[WHAT THE TASK ASKS]: Give the data below again exactly as it stands. Omit the pictures.

Stored items from a collection
=== Section Start ===

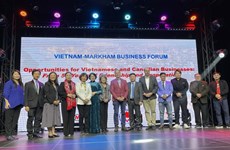 Forum explores cooperation potential between Vietnamese, Canadian firms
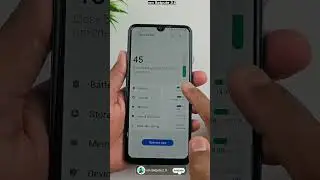 super fast charging setting ⚡🔥 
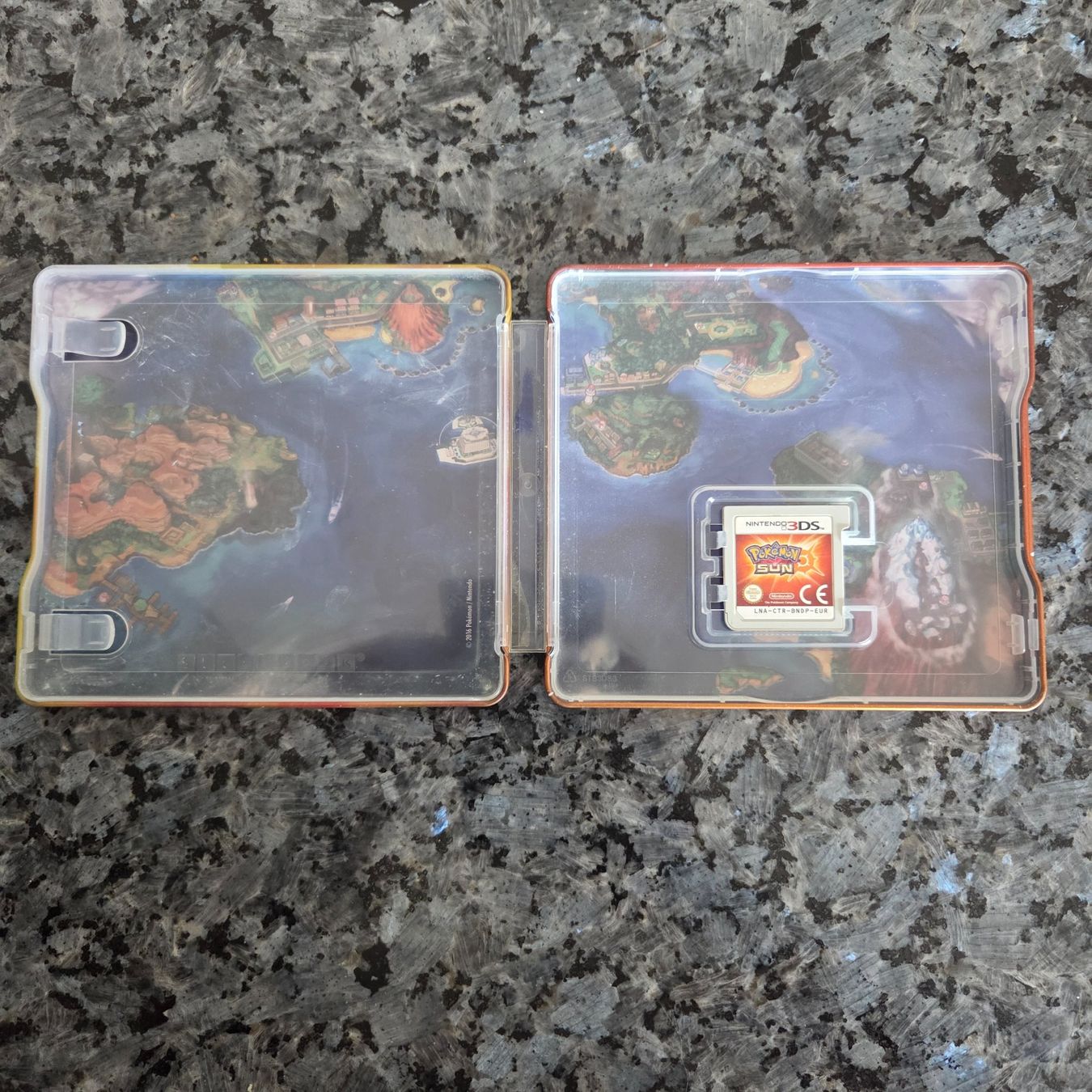 Pokémon Giochi: Pokemon Sun/Sonne - Nintendo 3DS – Usato da Vernayaz venduto da Lecoffreromand 2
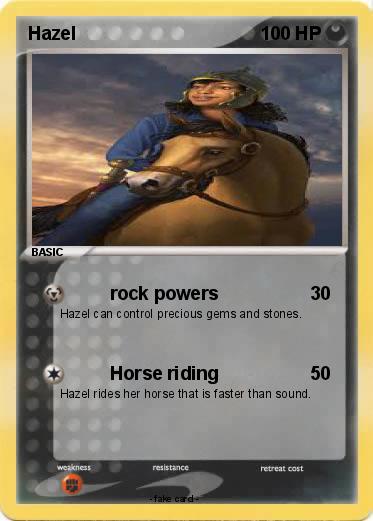 Pokemon Hazel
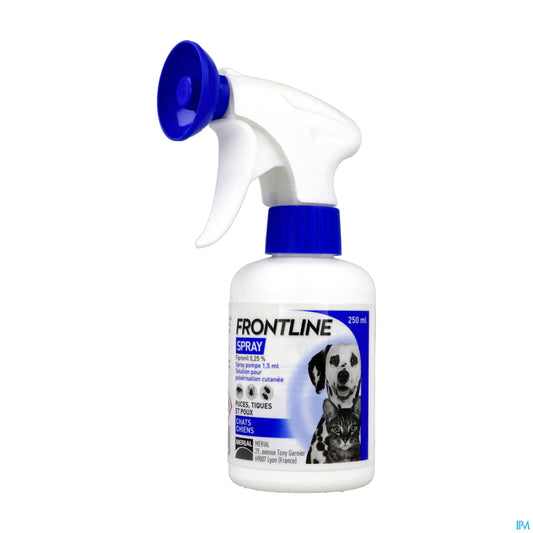 Anti-Parasite Spray 250ml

=== Section End ===

[FINISHED TASK]:
 Forum explores cooperation potential between Vietnamese, Canadian firms
 super fast charging setting ⚡🔥 
 Pokémon Giochi: Pokemon Sun/Sonne - Nintendo 3DS – Usato da Vernayaz venduto da Lecoffreromand 2
 Pokemon Hazel
 Anti-Parasite Spray 250ml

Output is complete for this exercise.